After the decline in revenue and earnings in the prior quarter, Holly Energy Partners' (HEP) second-quarter earnings were back on the right track. The pipeline company didn't suffer the same operational issues as it did last quarter, and it benefited from the addition of its new Woods Cross refining assets. 

Looking to the horizon, though, Holly Energy Partners' future looks murkier than it has in the past. Let's take a look at the company's most recent earnings results and discuss why the challenges Holly Energy Partners will face are harder than before.

Oil storage terminals in front of refinery at night

Image source: Getty Images.

By the numbers

Metric Q2 2017 Q1 2017 Q2 2016
Revenue $109.1 million $105.6 million $94.9 million
EBITDA* $75.0 million $70.1 million $66.0 million
EPS $0.36 $0.13 $0.45
Distributable cash flow $60.9 million $57.2 million $55.7 million

Data source: Holly Energy Partners earnings release. *EBITDA= earnings before interest, taxes, depreciation, and amortization.

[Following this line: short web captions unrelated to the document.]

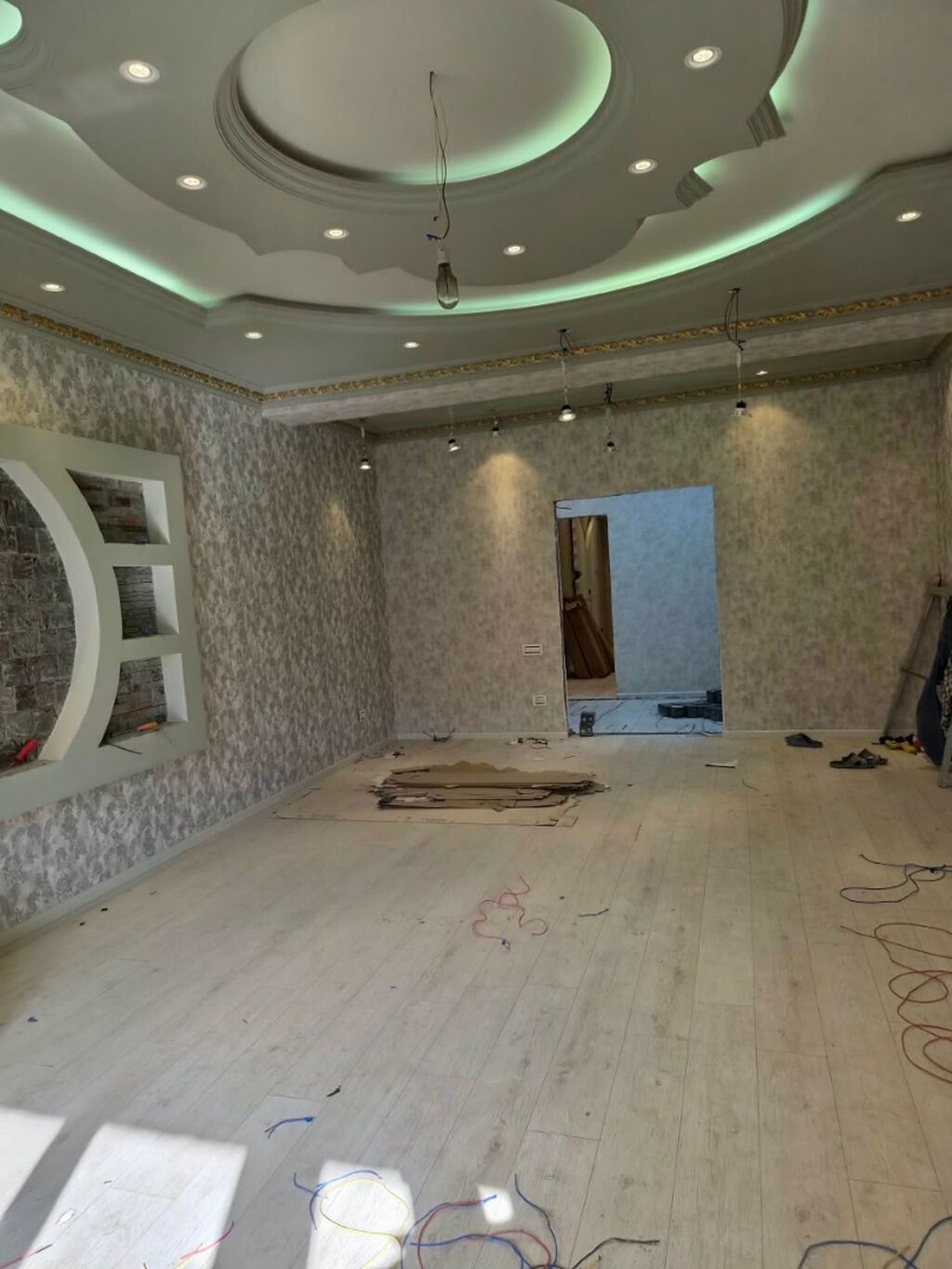 5 otaqlı, Yeni tikili, 215 kv. m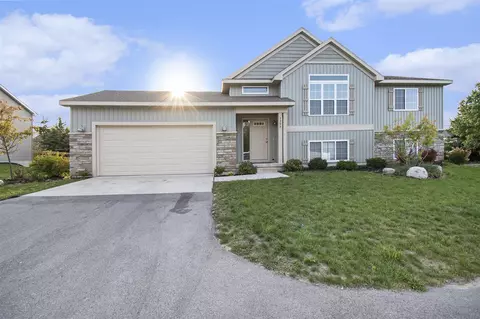 3299 52nd, Grand Rapids, MI 49512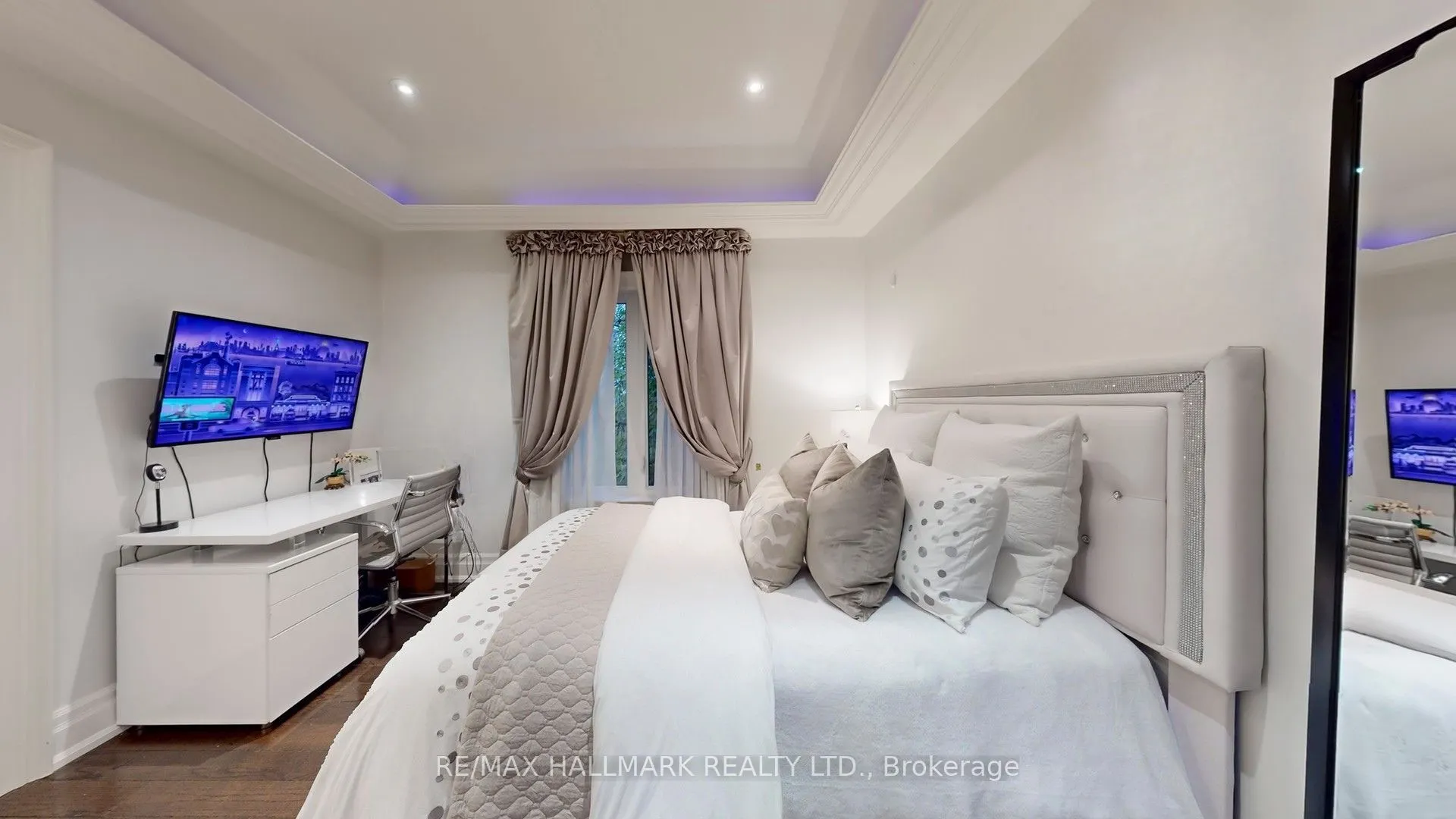 204 Maple Leaf Drive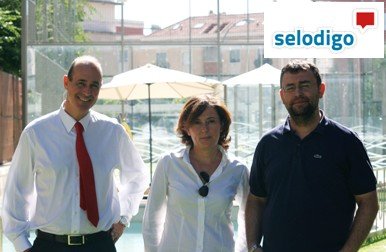 Tres emprendedores crean una empresa que permite colocar mensajes personales en espacios de publicidad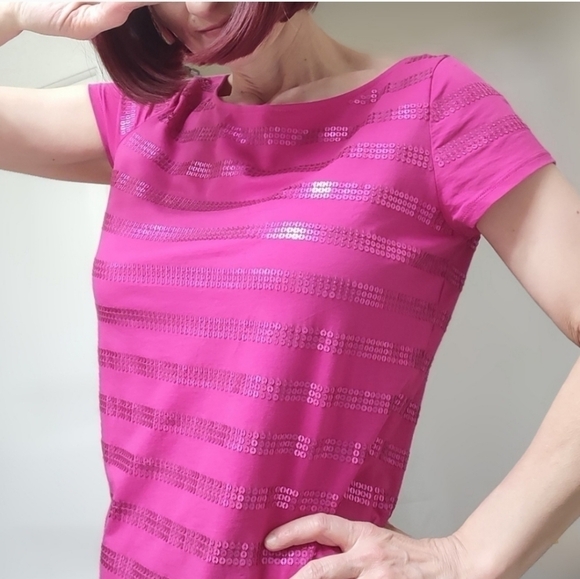 LOFT Tops - Taylor LOFT Fuchsia Pink Sequin Cap Sleeve Tee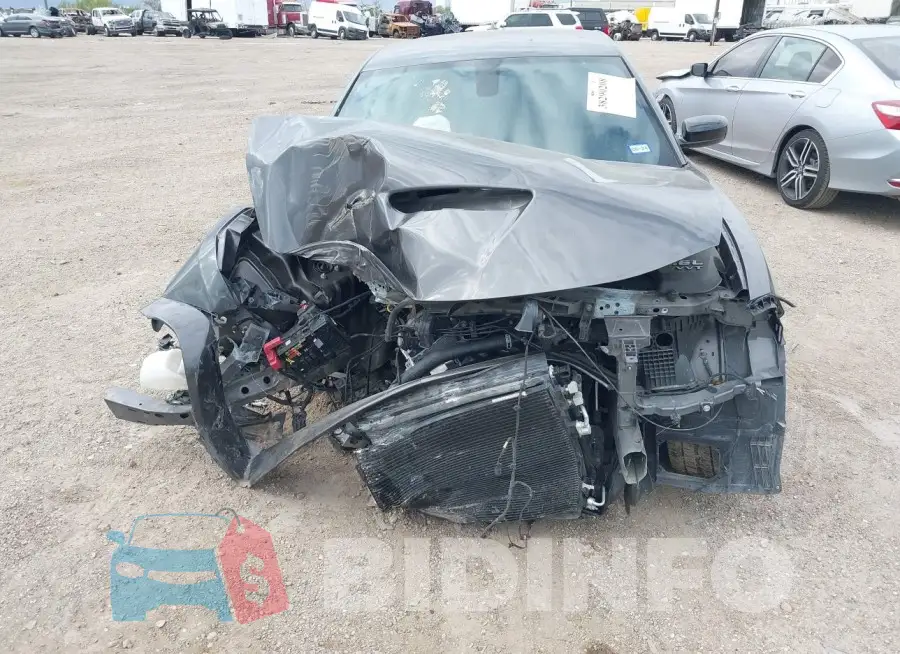 2C3CDXHG7KH713718 Photo# 13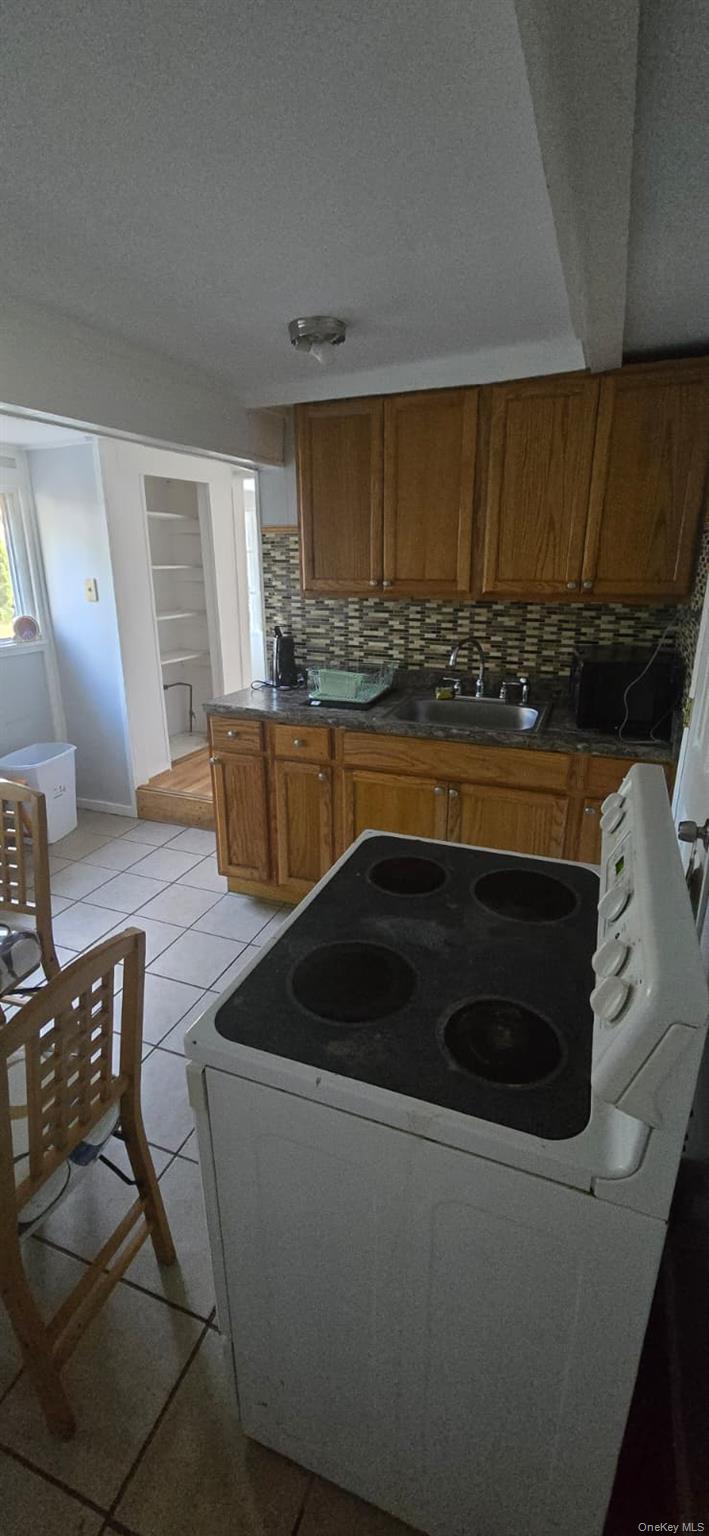 35 Cedarhurst Avenue, Selden, NY 11784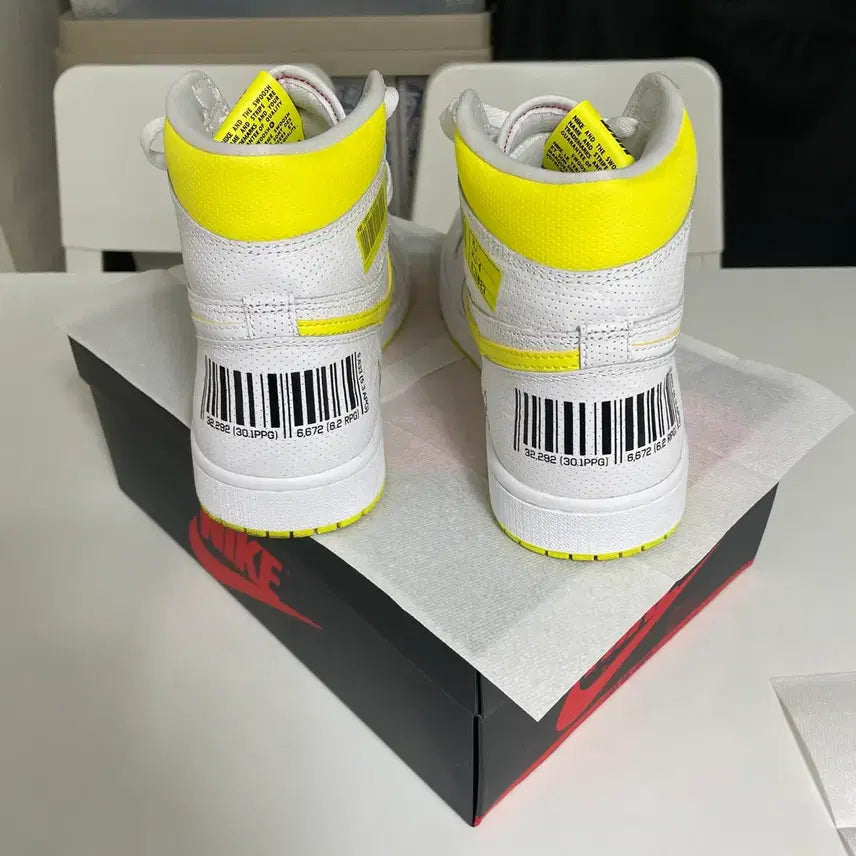 [BUNJANG] Jordan 1 First Class Sneakers / 조던 1 퍼스트클래스 270 (US9) 1회착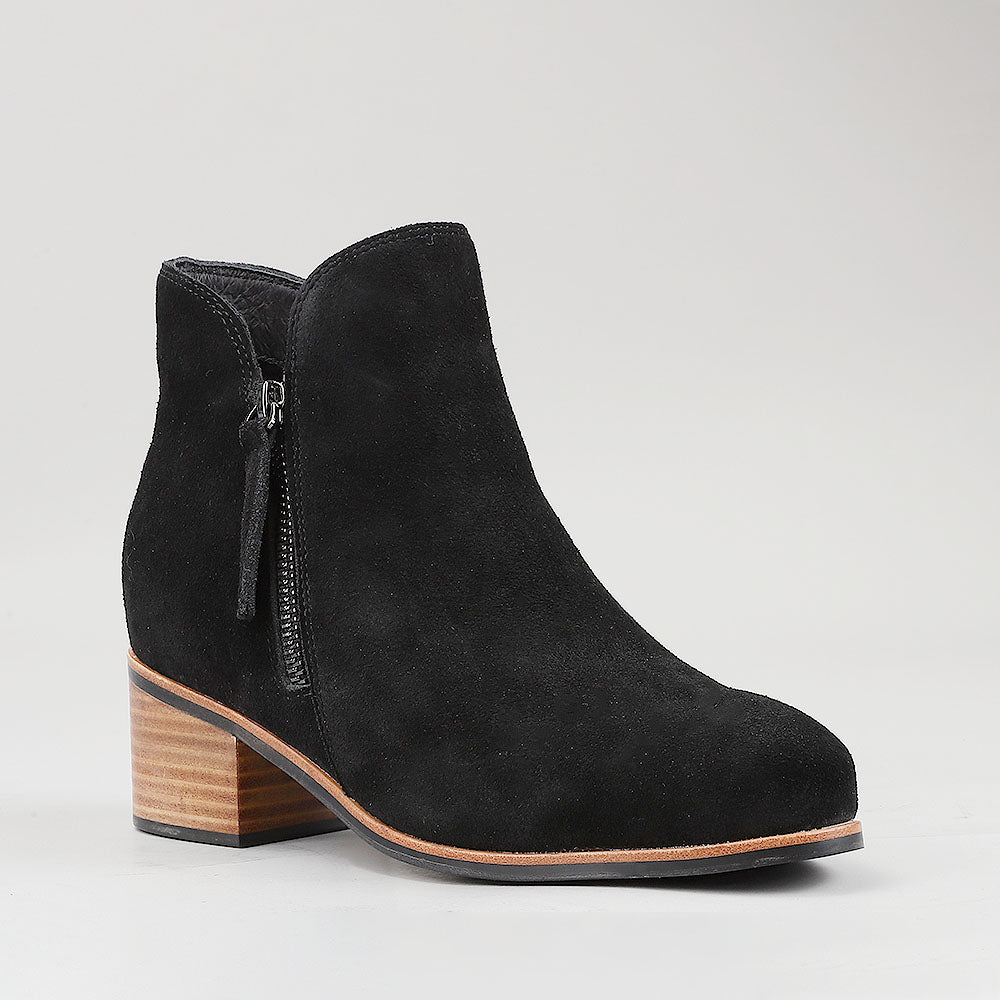 Naked Arches Oxley black suede boots with rounded toes and chunky heels, stylish footwear for everyday wear.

First-quarter results were a bit of an aberration. First, the company had an outage for its Salt Lake City crude pipeline, and parent organization HollyFrontier (HFC) had part of its Navajo refinery complex shut down for turnaround work. Also, there was a one-time charge related to the early extinguishment of debt. These things put a dent in net income. 

All of these issues were resolved in the prior quarter and did not affect the most recent results, which led to increased distributable cash flow and earnings per share. The higher amount of cash coming in the door was enough to keep the company's distribution coverage ratio just above 1.0 times after management's decision to raise its quarterly payout by 8.1% compared to the prior year. 

Looking at Holly's revenue by business segment, the significant change over the previous year was the addition of the Woods Cross refining units at HollyFrontier's Salt Lake City refinery. Its crude pipeline revenue was negatively affected by a decreased amount of recognized revenue for the quarter from shippers not meeting minimum volume commitments. Holly will recognize that revenue at a later date if either the customer uses that payment for shipments above its guaranteed pipe space or if the shipping rights expire under the contractual make-up period. 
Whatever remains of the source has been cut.